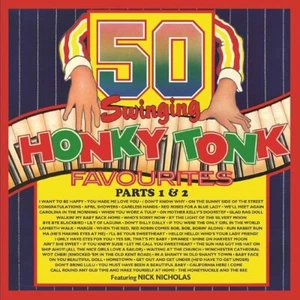 NICK NICHOLAS (2 CD) 50 SWINGING HONKY TONK FAVOURITES ~ VINTAGE PIANO *NEW* - Picture 1 of 1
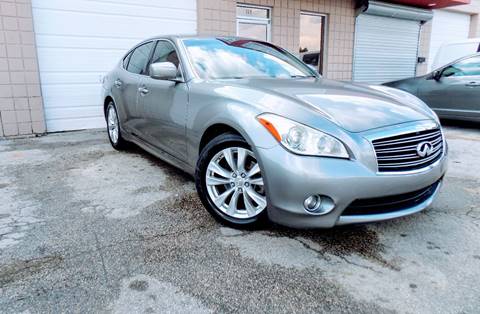 2011 Infiniti M37 for sale at CTN MOTORS in Houston TX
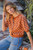 Horseshoe Short Sleeve Cardigan
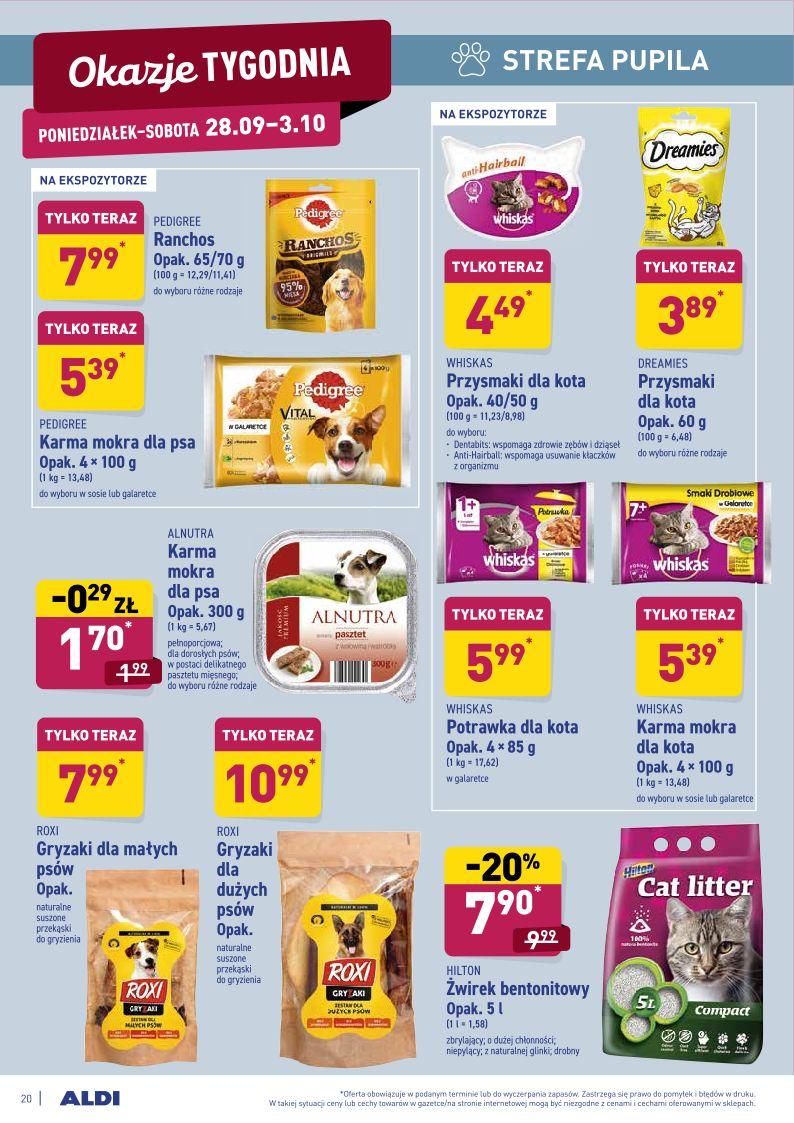 Gazetka promocyjna ALDI str. 20
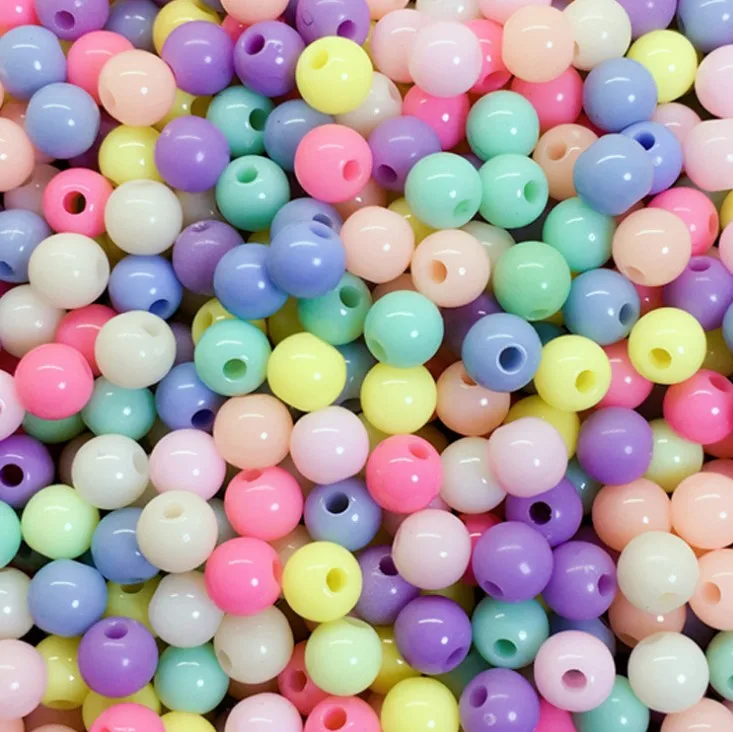 

bulk DIY Acrylic bead 6mm,8mm,12mm,16mm,18mm,20mm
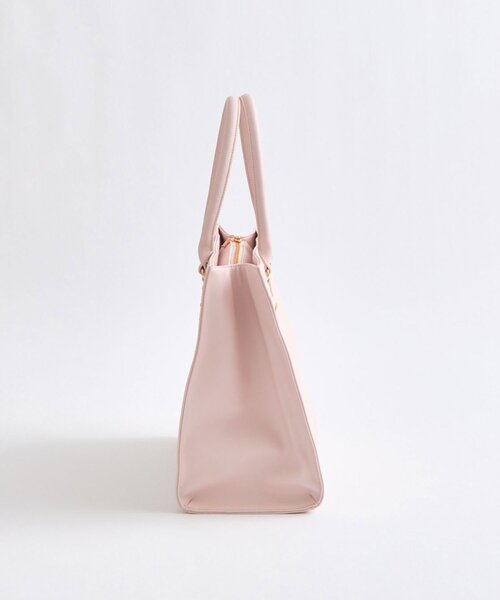 OLIVE des OLIVE(オリーブデオリーブ)の「Aimerianejoieスタッズキャリーオントートバッグ(トートバッグ・レディース・ブラック/アイボリー/ピンク・FREE)」の21枚目の写真
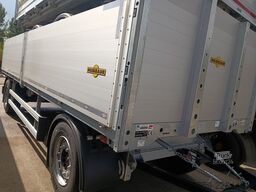 HUMBAUR Baustoff HD187124 7,1mBordwand eloxiert+VERZINKT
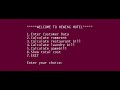 SIMPLE HOTEL MANAGEMENT SYSTEM IN PYTHON WITH SOURCE CODE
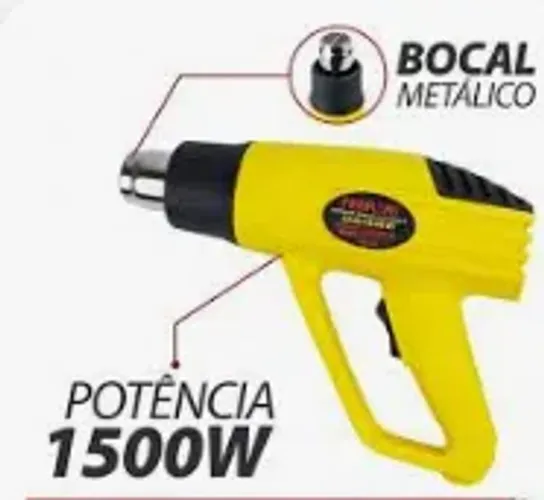 Soprador Térmico Ar Quente 1500 Watts Ferrari 127 Volts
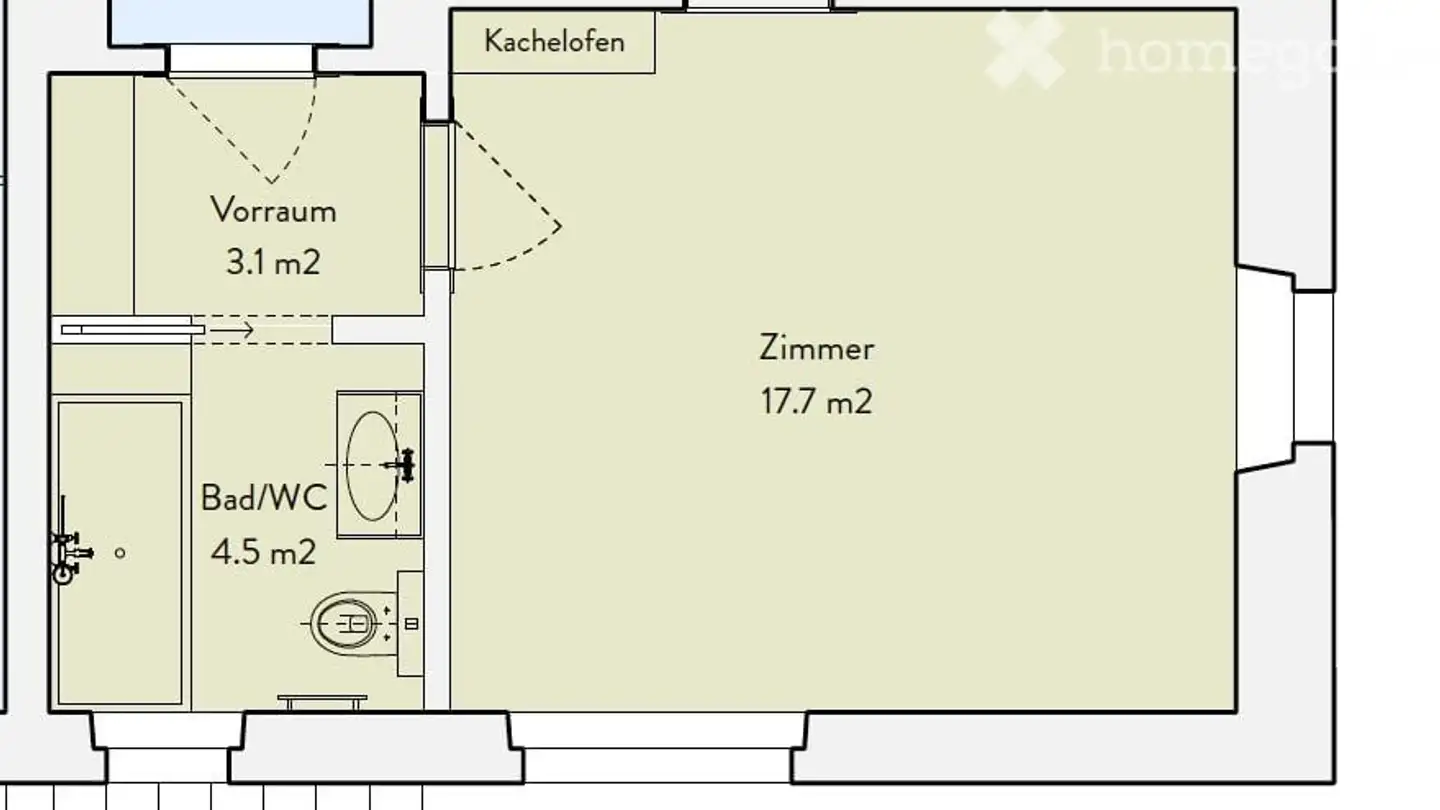 Appartamento in affitto - Wildeggerstrasse, 5702 Niederlenz - Photo 4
• • •
Description of the task:
In the copy, omit the pictures and give every line of the data exactly.

Solved exercise:
 NICK NICHOLAS (2 CD) 50 SWINGING HONKY TONK FAVOURITES ~ VINTAGE PIANO *NEW* - Picture 1 of 1
 2011 Infiniti M37 for sale at CTN MOTORS in Houston TX
 Horseshoe Short Sleeve Cardigan
 Gazetka promocyjna ALDI str. 20

bulk DIY Acrylic bead 6mm,8mm,12mm,16mm,18mm,20mm
 OLIVE des OLIVE(オリーブデオリーブ)の「Aimerianejoieスタッズキャリーオントートバッグ(トートバッグ・レディース・ブラック/アイボリー/ピンク・FREE)」の21枚目の写真
 HUMBAUR Baustoff HD187124 7,1mBordwand eloxiert+VERZINKT
 SIMPLE HOTEL MANAGEMENT SYSTEM IN PYTHON WITH SOURCE CODE
 Soprador Térmico Ar Quente 1500 Watts Ferrari 127 Volts
 Appartamento in affitto - Wildeggerstrasse, 5702 Niederlenz - Photo 4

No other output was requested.